Die Beteiligten streiten um die Gewährung zusätzlicher Leistungen zur Sicherung des Lebensunterhaltes nach dem Zweiten Buch Sozialgesetzbuch (SGB II) aufgrund des zeitweisen Aufenthaltes des Klägers zu 2) bei seiner Mutter, der Klägerin zu 1).

Die Klägerin zu 1) bezieht seit dem 1. Januar 2005 Leistungen nach dem SGB II für sich und ihre Söhne. Der am 1991 geborene Sohn R, der Kläger zu 2), erhält seit dem 31. August 2008 Hilfe zur Erziehung nach § 34 SGB VIII für seine Unterbringung in dem Jugendheim L in L. Das Kindergeld der Mutter wird zum Kosteneinsatz im Rahmen der Jugendhilfe angerechnet. Der Kläger zu 2) hält sich 14-tägig jeweils am Wochenende in der Wohnung der Klägerin zu 1) bei dieser auf, das entspricht fünf Tagen pro Monat.

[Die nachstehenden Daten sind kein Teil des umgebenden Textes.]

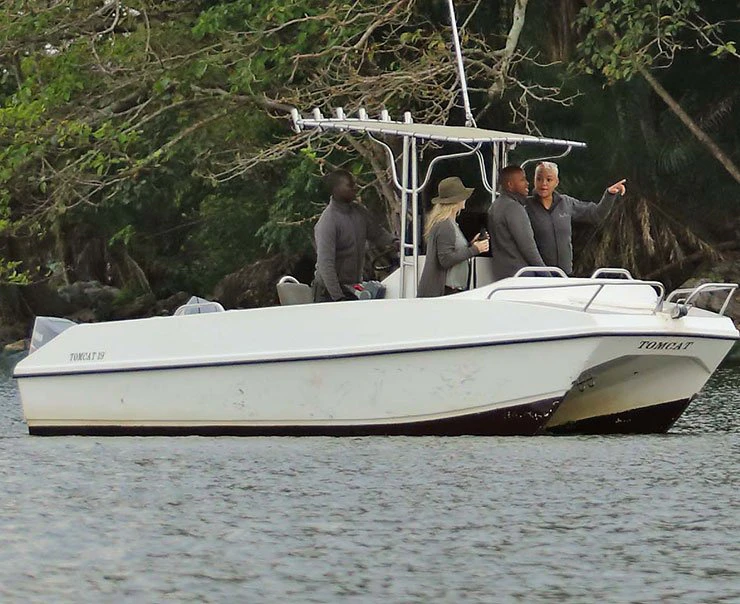 rubondo-experiences-boat-safari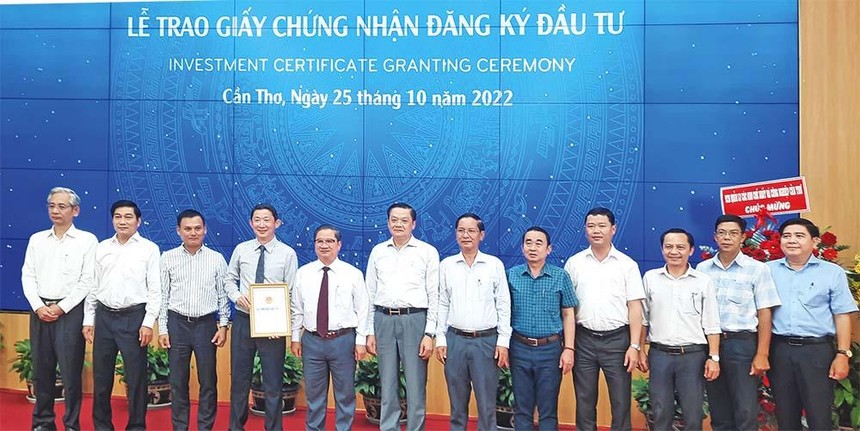 Cần Thơ đang là điểm đến của nhiều doanh nghiệp, nhà đầu tư. Trong ảnh: Lãnh đạo TP. Cần Thơ trao giấy chứng nhận cho nhà đầu tư Khu công nghiệp VSIP Cần Thơ.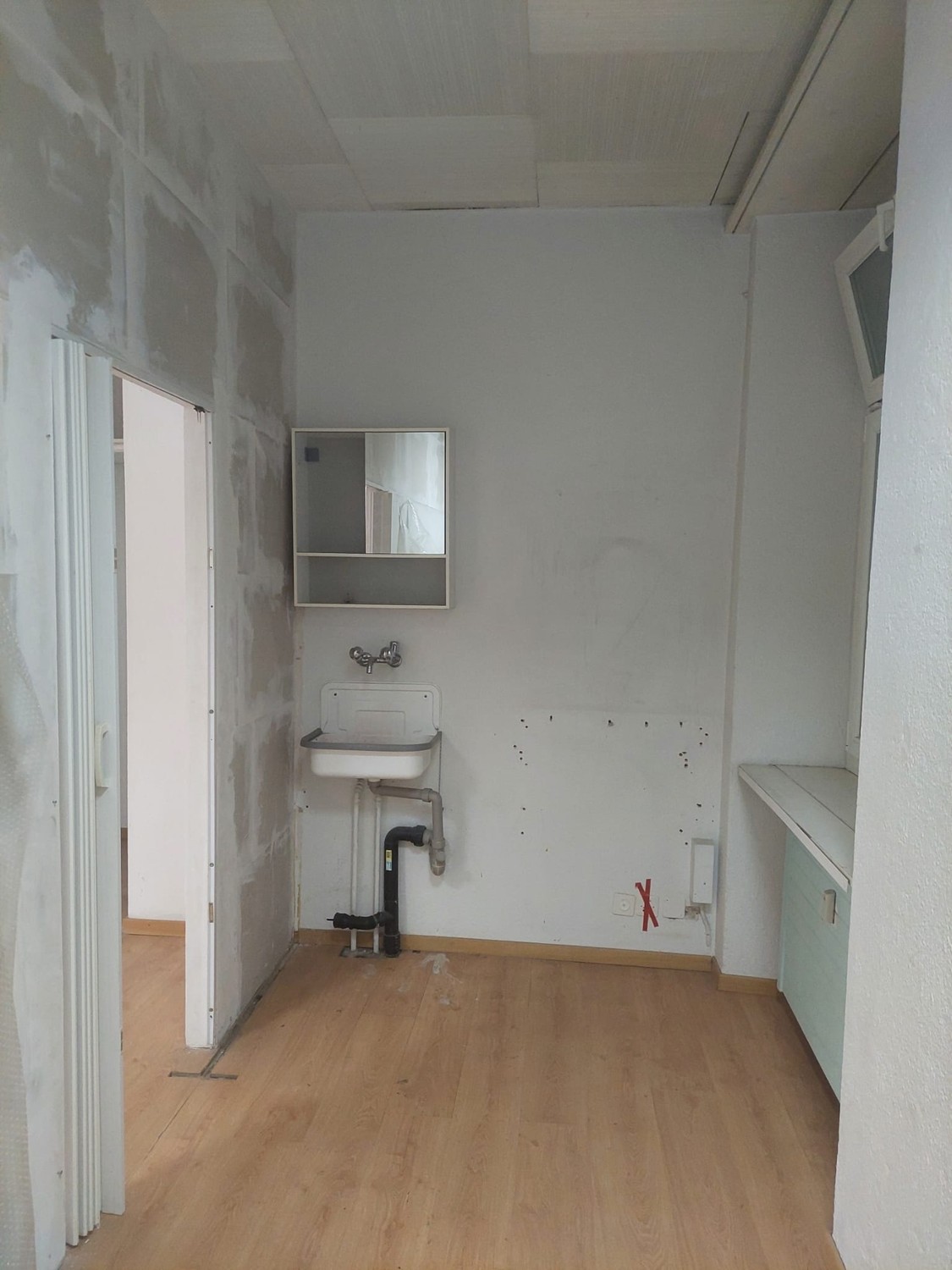 63m² commercial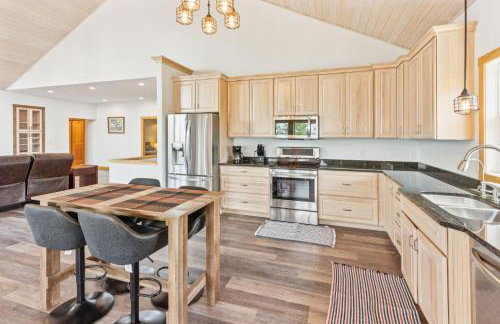 Lakeside 4BR Retreat Private, Peaceful & Scenic villa - Foto 16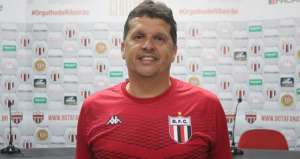 Francis, do Botafogo, passará por cirurgia no joelho e está fora do Paulistão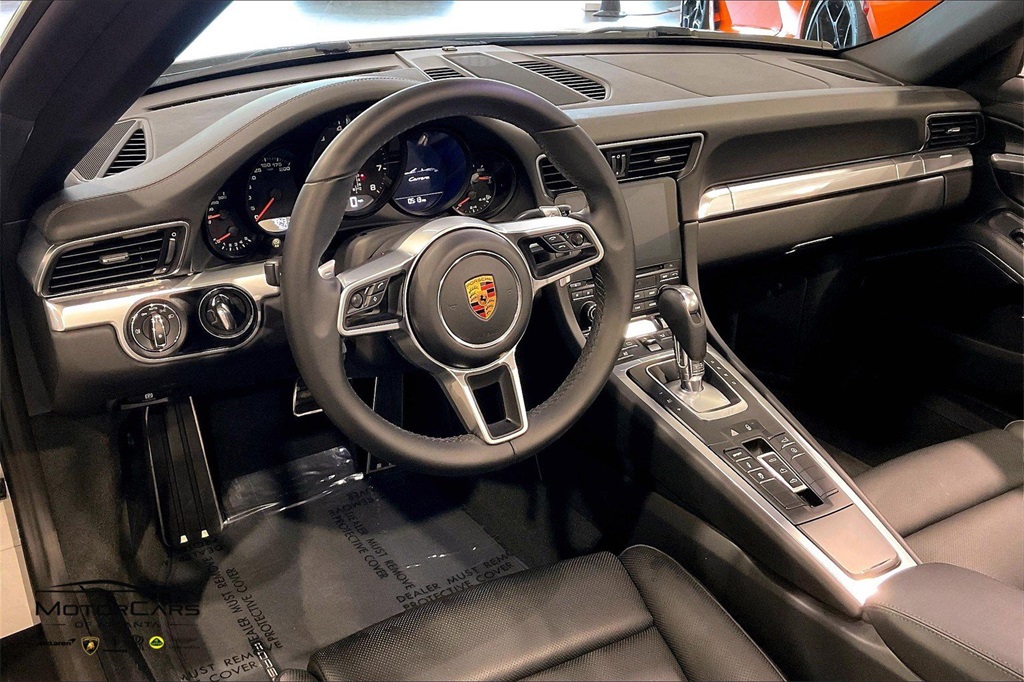 2019 Porsche 911 Carrera Truck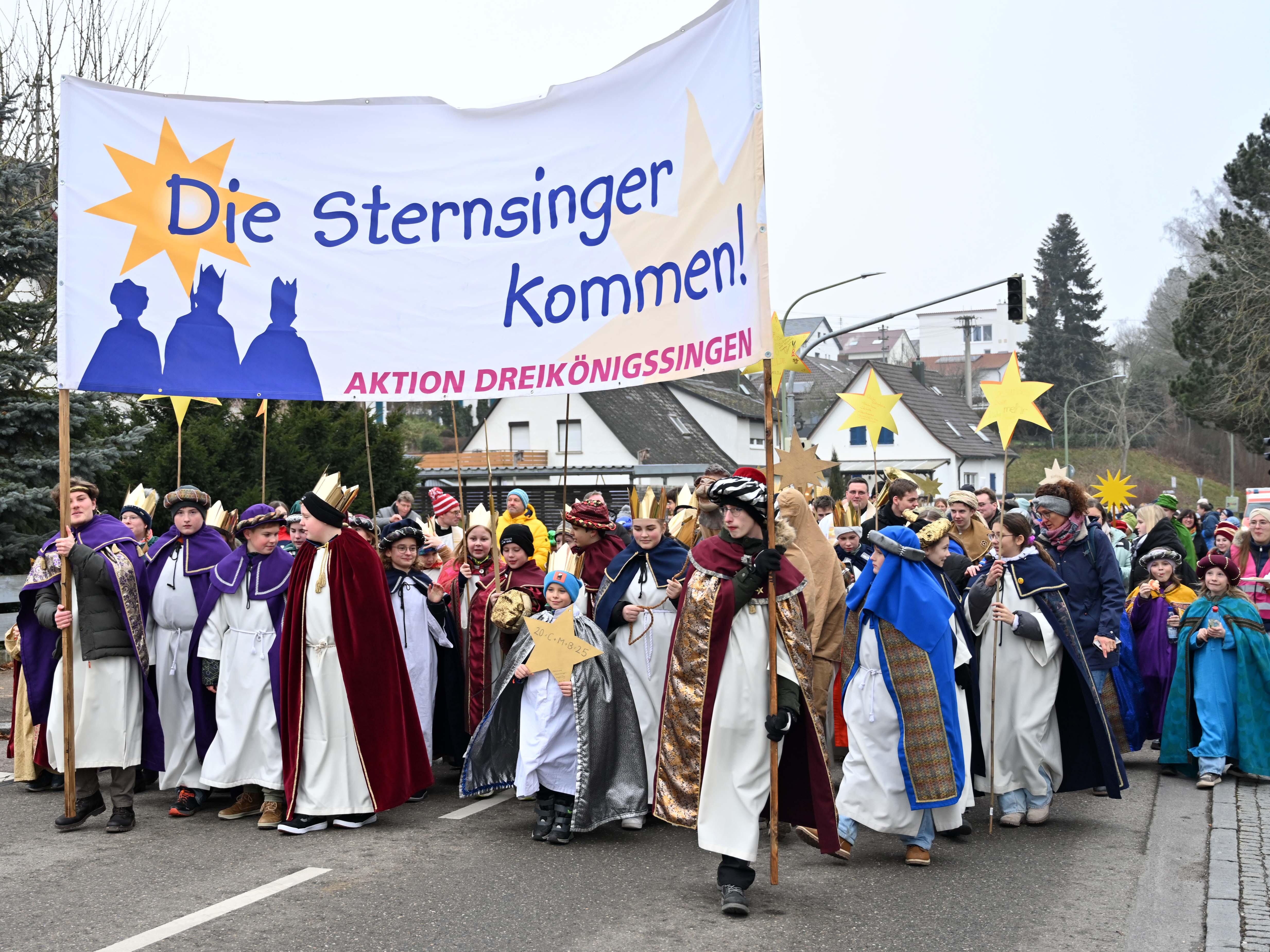 Die diesjährige Sternsingeraktion steht unter dem Motto "Schule statt Fabrik!". Das Bild zeigt die diözesane Sternsingereröffnung in Burgau 2024 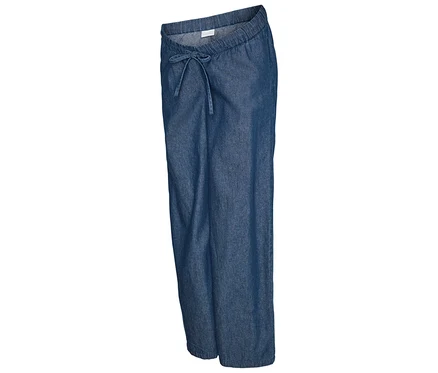 Le jean ample MAMALICIOUS «
MLJAMAICA » en denim bleu avec cordon de serrage est visible de côté sur un fond clair.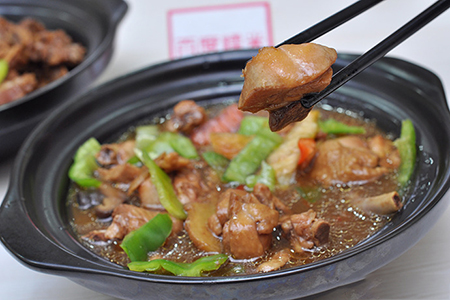 朱记黄焖鸡加盟怎么样？开店有什么优势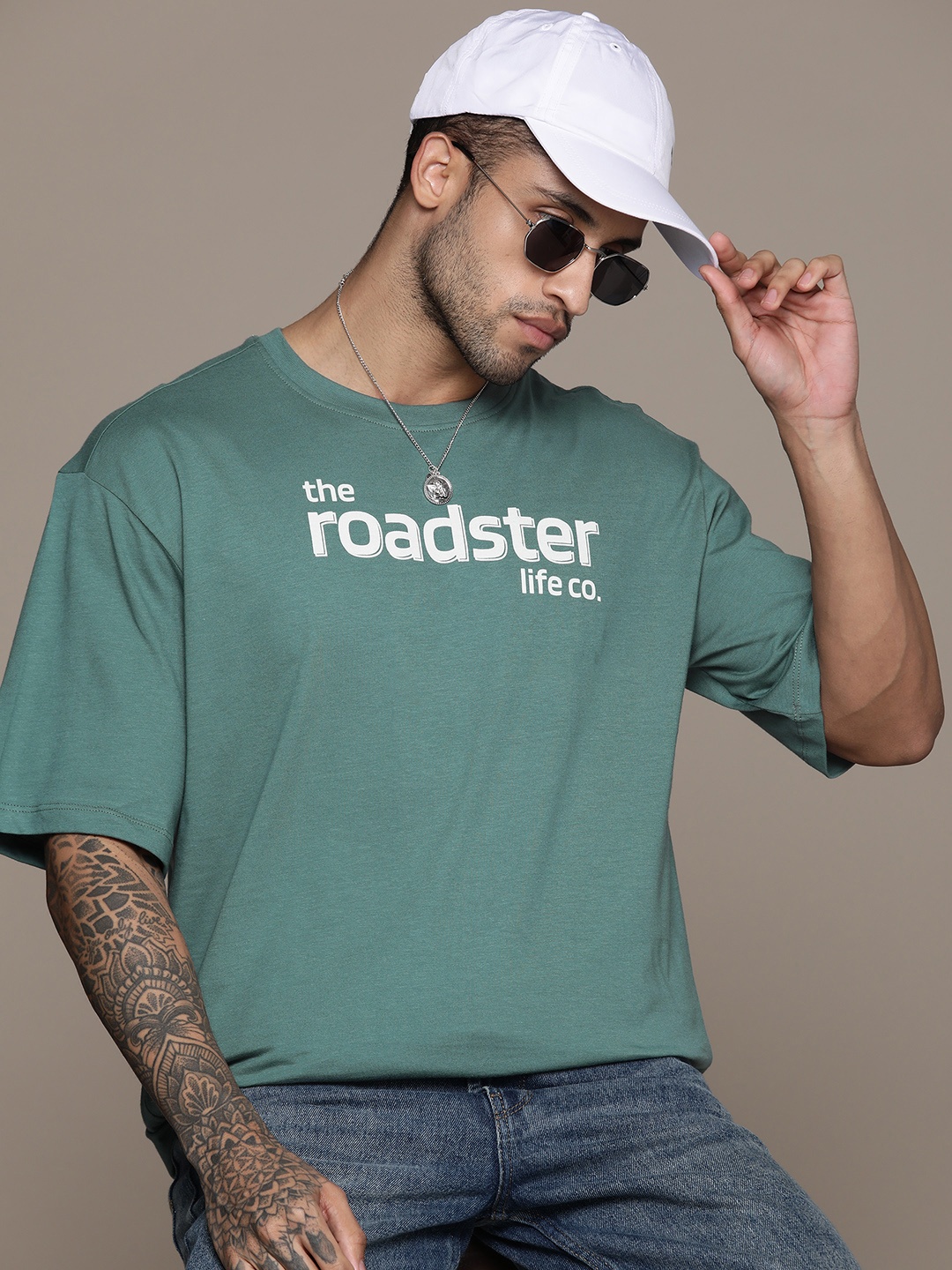 

The Roadster Lifestyle Co. Brand Logo Printed Drop-Shoulder Sleeves Pure Cotton T-shirt, Green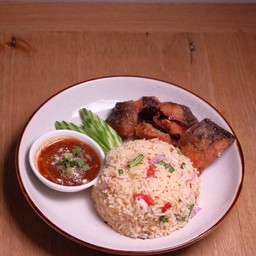 ข้าวยำปลาดุกแดด
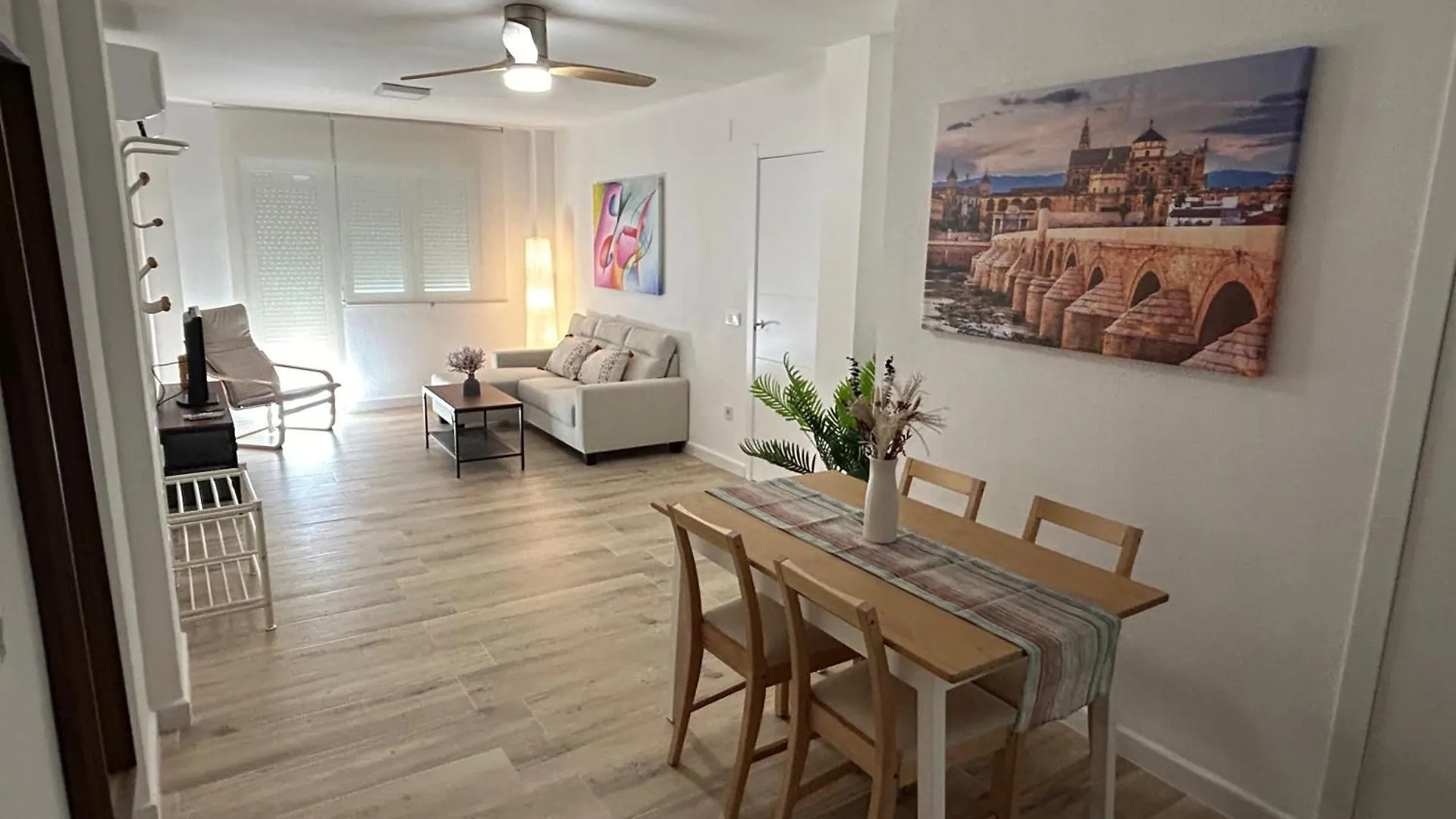 Modern And Bright Close To The Station Cordoba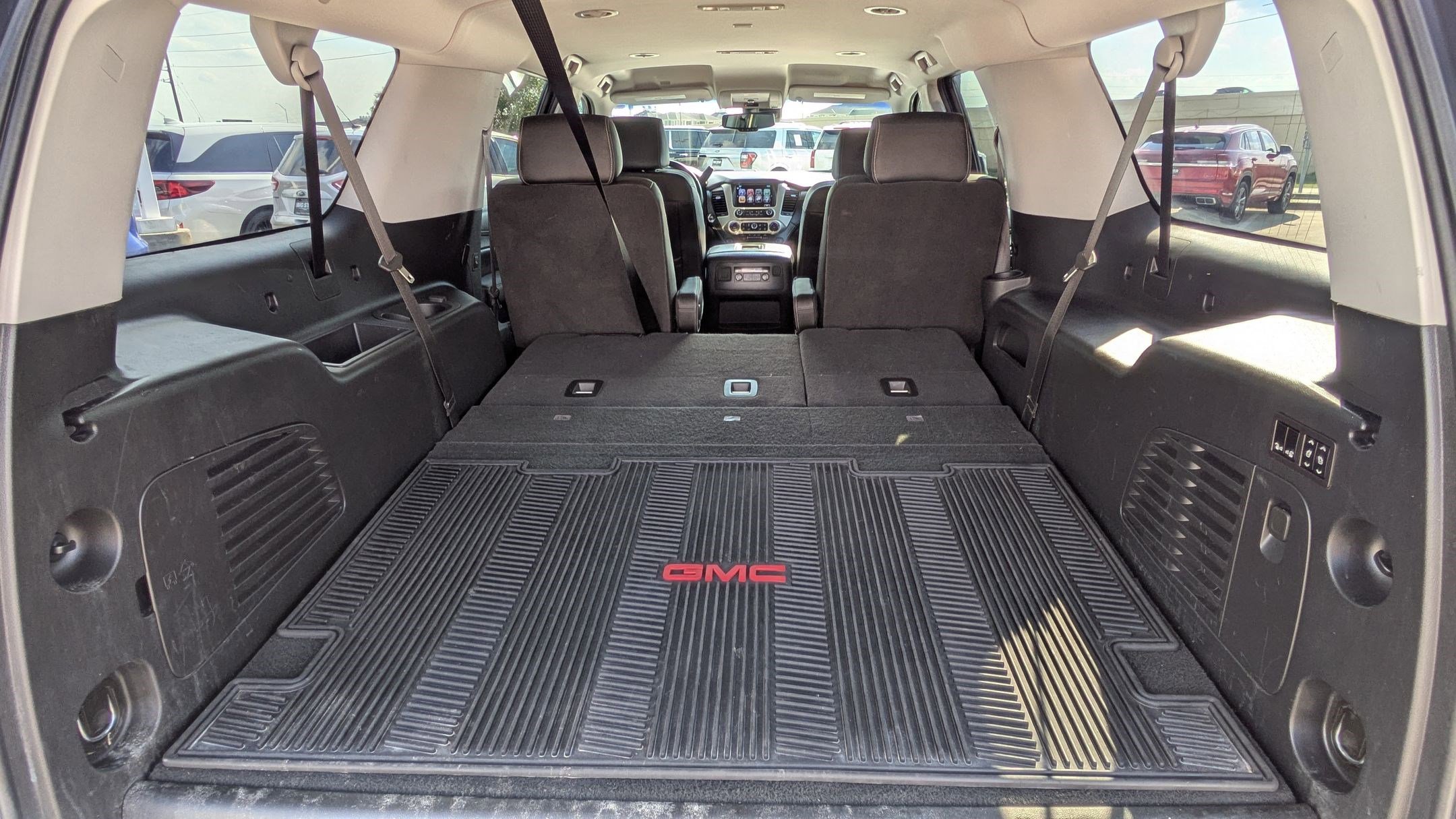 2020 Gmc Yukon XL Denali photo 27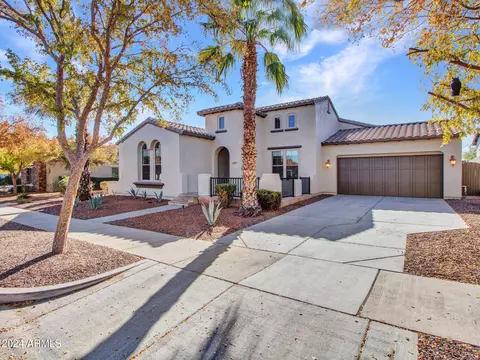 20497 W Crescent Dr, Buckeye, AZ 85396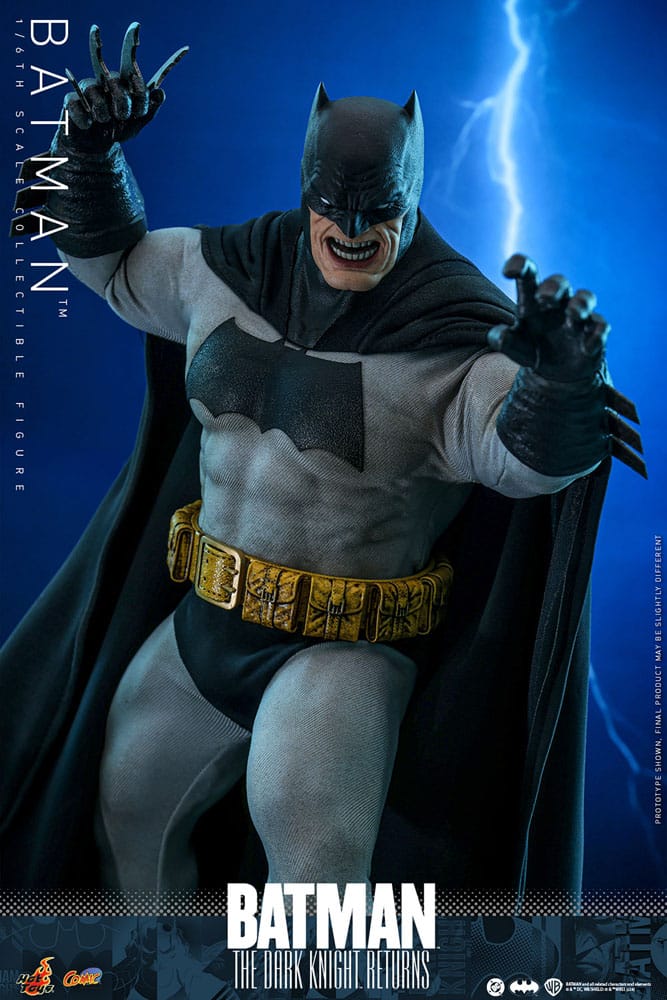 Batman: The Dark Knight Returns Comic Masterpiece Action Figure 1/6 Batman 32 cm 4895228620293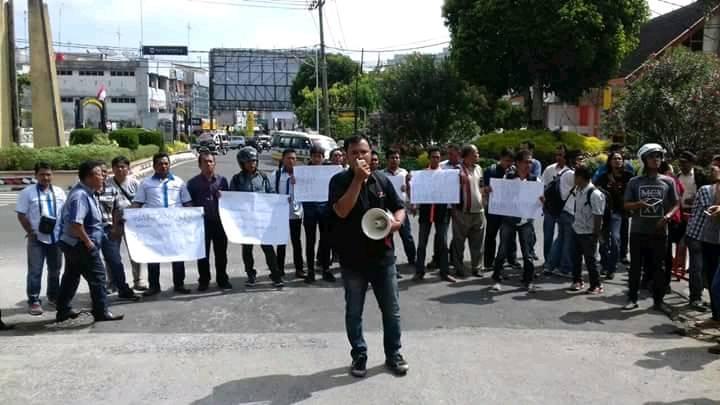 Aksi Damai Wartawan. Wakapolres Minta Maaf, Aiptu AS Sudah Disuruh Guling-Guling... Aksi Damai Wartawan. Wakapolres Minta Maaf, Aiptu AS Sudah Disuruh Guling-Guling...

Mit Weiterbewilligungsantrag ab Juni 2009 beantragte die Klägerin zu 1) für sich und die Kläger zu 2) und 3) Leistungen der Grundsicherung nach dem SGB II. Mit Bewilligungsbescheid vom 18. Mai 2009 gewährte der Beklagte nur noch der Klägerin zu 1) und dem Kläger zu 3) Leistungen nach dem SGB II für den Zeitraum vom 1. Juni 2009 bis 30. November 2009, jedoch unter Anerkennung der vollen tatsächlichen Unterkunftskosten. Eine Begründung enthielt der Bescheid nicht. Mit Änderungsbescheid vom 7. Juni 2009 berücksichtigte der Beklagte die höheren Regelleistungen ab dem Zeitraum 1. Juli 2009 bis zum 30. November 2009 und bewilligte nunmehr 811,64 EUR für die Klägerin zu 1) und den Kläger zu 3). Den Widerspruch der Kläger gegen den Ausgangsbescheid wies der Beklagte mit Widerspruchsbescheid vom 10. August 2009 als unbegründet zurück. Zur Begründung führte er aus, der Kläger zu 2) sei gemäß § 7 Abs. 4 SGB II vom Leistungsanspruch nach dem SGB II ausgeschlossen, da er sich überwiegend in einer stationären Einrichtung aufhalte und nicht regelmäßig an seinen Wohnort zurückkehre. Demgegenüber läge es im Ermessen der Behörde, aufgrund der Besuche des Klägers zu 2) einen erhöhten Wohnbedarf anzuerkennen. Dies sei im Fall der Kläger auch erfolgt.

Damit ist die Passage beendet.